Matt Vautour: Jason Collins' coming out not the finish line
In this photo provided by ABC, NBA basketball veteran Jason Collins, left, poses for a photo with television journalist George Stephanopoulos, Monday, April 29, 2013, in Los Angeles. In a first-person article posted Monday on Sports Illustrated's website, Collins became the first active player in one of four major U.S. professional sports leagues to come out as gay. He participated in an exclusive interview with Stephanopoulos, which is scheduled to air on Good Morning America on Tuesday. (AP Photo/ABC, Eric McCandless) Purchase photo reprints »
Jason Collins’ revelation Monday was historic. As the first openly gay male athlete in major American professional team sports, he’ll rightly be celebrated as a role model on a landmark day.
His first-person article in Sports Illustrated ended years of speculation about when someone would inevitably break that barrier. Because it finally happened, many pundits were heralding Monday as some kind of finish line in the gay rights movement.
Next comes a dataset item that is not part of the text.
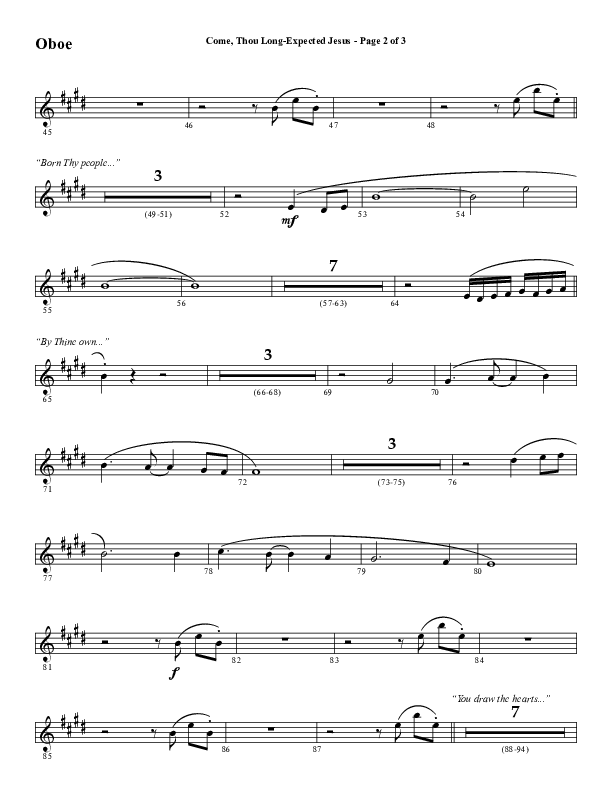 Come Thou Long Expected Jesus (Choral Anthem SATB) Oboe (Word Music Choral / Arr. Daniel Semsen)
It’s a big step, one of the biggest, in fact, in a country that grows more accepting and embracing every week. But there’s more ground to be covered and more milestones to be achieved. Collins got the ball in motion.
Like racism, homophobia isn’t likely to ever be eradicated, but here are some milestones to reach, both for Collins and the pioneers who follow him:
Collins signing his next contract — In the SI article, Collins said he wants to keep playing in the NBA. But the free agent journeyman center averaged 1.1 points and 1.6 rebounds in 10.1 minutes per game this season.
Those aren’t numbers that will have suitors lining up with contract offers.
Collins proclaimed himself willing and ready to handle the added attention, potential heckling and other concerns he expected to face as a trailblazer in the league. If he doesn’t get signed, that burden will fall to someone else.
The motives of NBA front offices will be under a microscope. If Collins doesn’t get signed, observers will scrutinize every big man who gets picked up wondering if a team chose a less talented straight player, rather than Collins. If he is signed, some will wonder if his presence will be a publicity stunt from an attention-seeking front office. It would help all involved if he plays well.
The next one/wave — It’ll be interesting to see how soon Collins has company in what is now a one-man club. Will the positive reaction he received upon his announcement be enough to encourage athletes, who had considered coming out, to take that step?
Former Baltimore Raven Brendon Ayabadejo, a vocal proponent for gay rights in and out of sports, said in earlier April that four NFL players were ready to come out together. Could they be next?
The first openly gay professional baseball, football, hockey and, to a lesser extent, American soccer player, won’t get the same attention for their revelations that Collins did, but they’ll certainly be pioneers in their own right facing many of the same challenges.
First openly gay all-star — While Collins’ revelation is correctly being celebrated, he’s a role player. When opposing fans are heckling, the backup center isn’t the target.
It’ll be different when the star quarterback or point guard is gay. That’s when the fans are going to heckle, and the potential for ugliness increases.
It’s more than that too. Will fans vote for that player on all-star ballots or buy his replica jersey? Will companies hire him as a spokesman?
How much will TMZ and its brethren report on the love life and romantic exploits of the first gay star?
First gay football player in the Southeastern Conference — Before Jackie Robinson broke baseball’s color barrier in 1947, he played college football at UCLA in 1939. The SEC didn’t have its first African-American football player until 1967. LSU and Ole Miss didn’t integrate until 1972.
Change can move at a glacial pace in the South. Tolerance and acceptance of gays and lesbians haven’t developed quickly in much of the SEC’s footprint.
But love of football trumps almost everything else in that area. If a gay player is helping one of that league’s revered programs win games, it could be a watershed moment toward changing views.
Acceptance of openly gay women’s coaches — A dirty little secret in women’s college athletics is the considerable homophobia that sits just below the surface.
Most sports fans are aware and unfazed by the presence of lesbians in women’s college, pro and Olympic athletics. When Baylor star Brittney Griner announced that she was lesbian earlier this month, it received little fanfare or surprise nationally.
But it wasn’t long ago that former Penn State women’s basketball coach Rene Portland, who was forced to resign in 2007, was defiantly proud of her program’s no lesbian stance. While they aren’t as vocal about it, there are several schools that still follow Portland’s lead.
Sherri Murrell, of Portland State, is the only openly gay Division I women’s basketball coach, as many of her colleagues hide or suppress their sexual preference to avoid or limit negative recruiting.
An ESPN Magazine story in 2011 detailed just how rampant it was for coaches to use a head or assistant coach’s assumed sexual preference to scare a player or her parents away from that program.
A gay head coach of a men’s professional team — It took 19 years after Robinson for a professional team to hire a black head coach. (The Boston Celtics named Bill Russell coach in 1966.)
Jason Collins seems like a well-respected intelligent man. Maybe someday down the road, he’ll add first gay head coach to his status as a pioneer.